*WORK REQUIRED*: Please repeat the entries exactly as they appear and omit any images.

*ENTRIES SHOWN*:
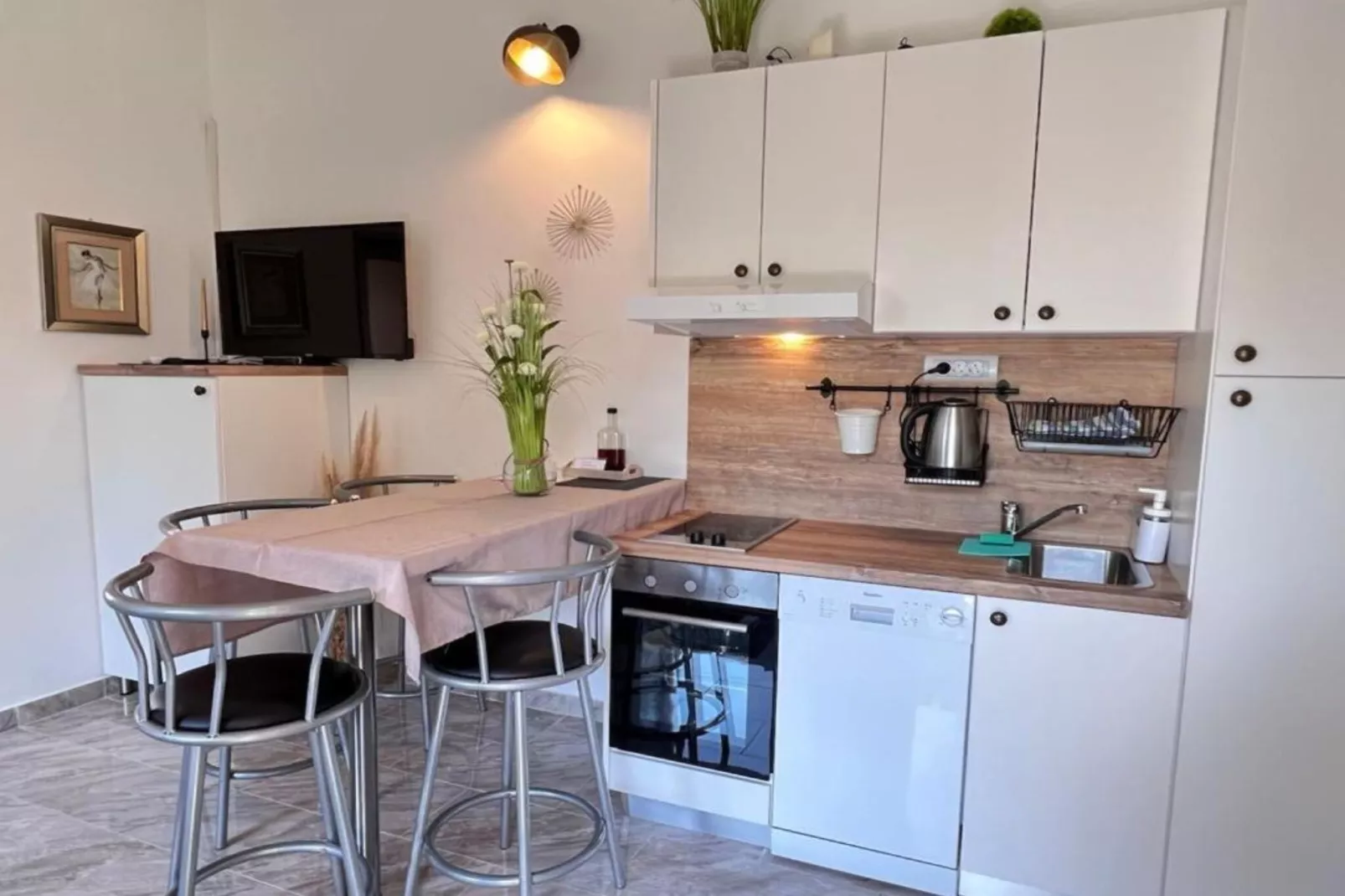 One-Bedroom Apartment With Sea View (B)-Buitenlucht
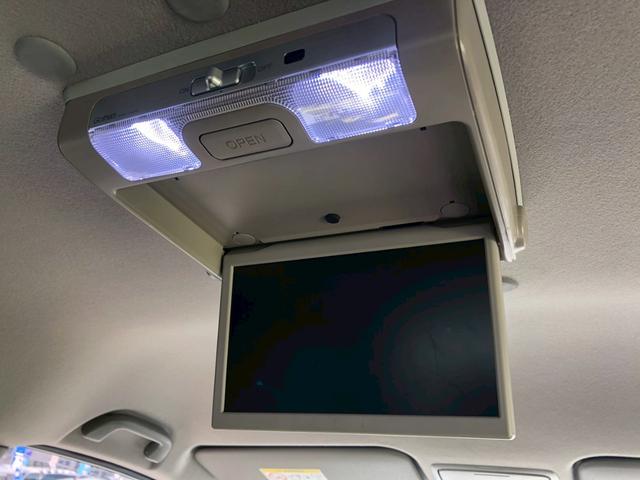 ステップワゴンスパーダ スパーダハイブリッド　Ｇ　ホンダセンシング　衝突軽減ブレーキ　禁煙車　フリップダウンモニター　純正８型ナビ　ＤＶＤ　ブルートゥース　ＴＶ　バックカメラ　ＥＴＣ　両側電動スライドドア　ＬＥＤオートライト　レーダークルーズコントロール　後席サンシェード　車線逸脱警告（52枚目）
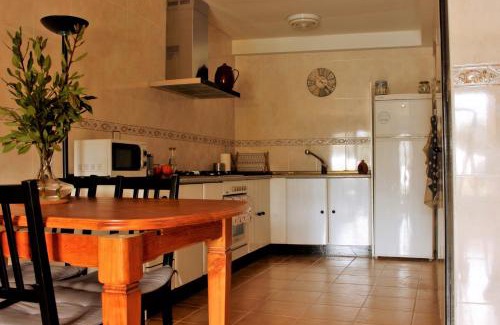 Lezana de Mena Casa | Casa Hijuela
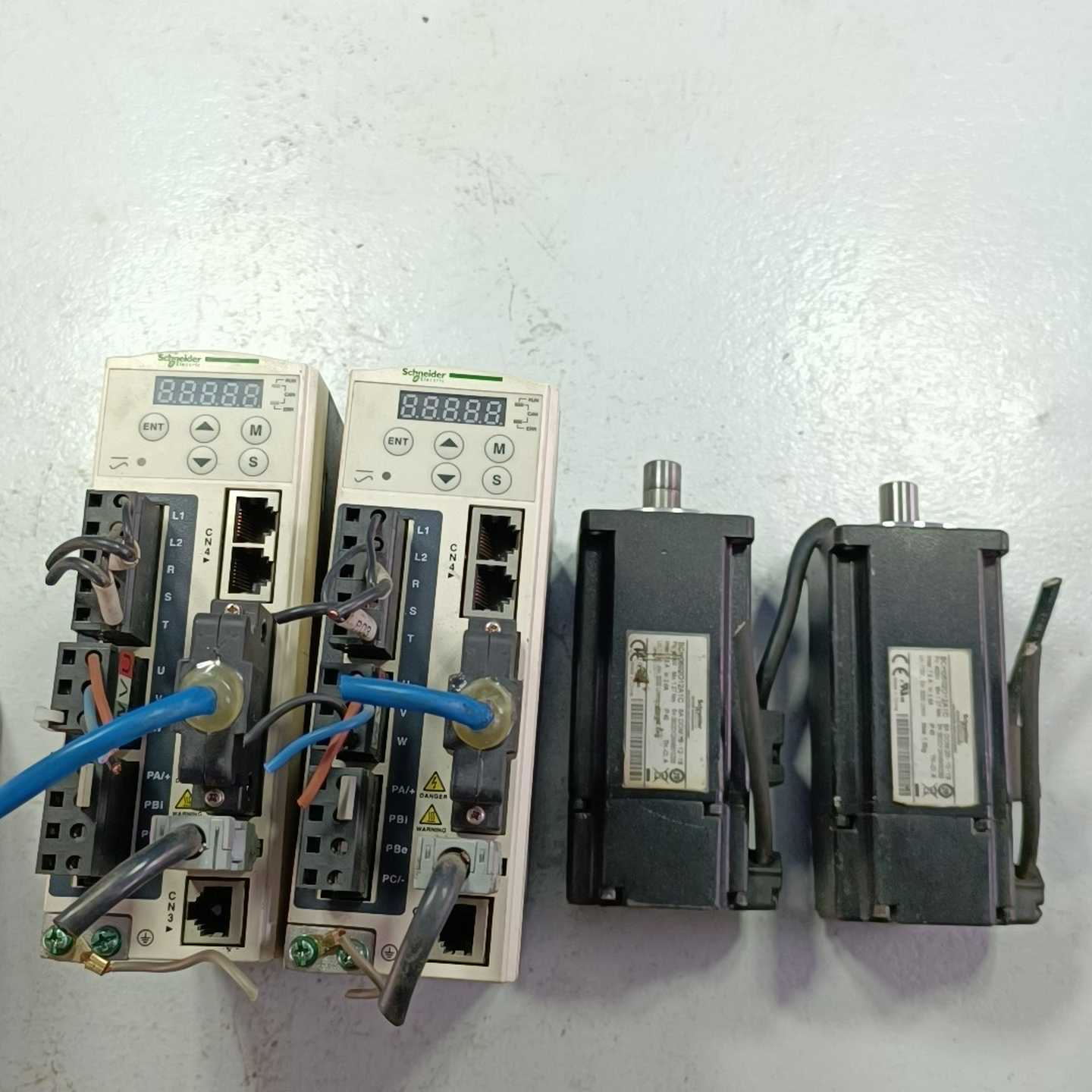 施耐德伺服驱动器LXM23AU04M3X--议价商品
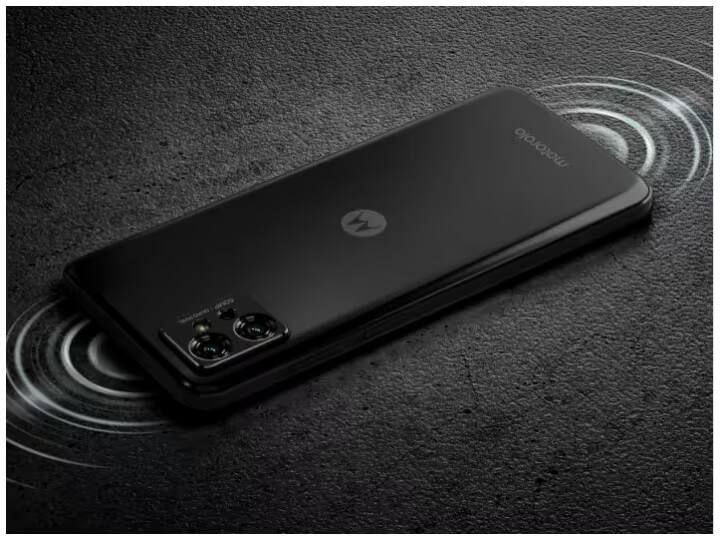 MOTOROLA G32 फोन की ओरिजनल प्राइस 18,999 रुपये है, इस फोन को आप केवल 9,999 रुपये में ई-कॉमर्स साइट से खरीद सकते हैं. मोटोरोला के इस फोन में 50MP + 8MP + 2MP का ट्रिपल कैमरा सेटअप और 16MP का फ्रंट कैमरा दिया गया है, ये फोन 5000mAh की बैटरी पैक के साथ आता है.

*FINISHED TASK*:
 One-Bedroom Apartment With Sea View (B)-Buitenlucht
 ステップワゴンスパーダ スパーダハイブリッド　Ｇ　ホンダセンシング　衝突軽減ブレーキ　禁煙車　フリップダウンモニター　純正８型ナビ　ＤＶＤ　ブルートゥース　ＴＶ　バックカメラ　ＥＴＣ　両側電動スライドドア　ＬＥＤオートライト　レーダークルーズコントロール　後席サンシェード　車線逸脱警告（52枚目）
 Lezana de Mena Casa | Casa Hijuela
 施耐德伺服驱动器LXM23AU04M3X--议价商品
 MOTOROLA G32 फोन की ओरिजनल प्राइस 18,999 रुपये है, इस फोन को आप केवल 9,999 रुपये में ई-कॉमर्स साइट से खरीद सकते हैं. मोटोरोला के इस फोन में 50MP + 8MP + 2MP का ट्रिपल कैमरा सेटअप और 16MP का फ्रंट कैमरा दिया गया है, ये फोन 5000mAh की बैटरी पैक के साथ आता है.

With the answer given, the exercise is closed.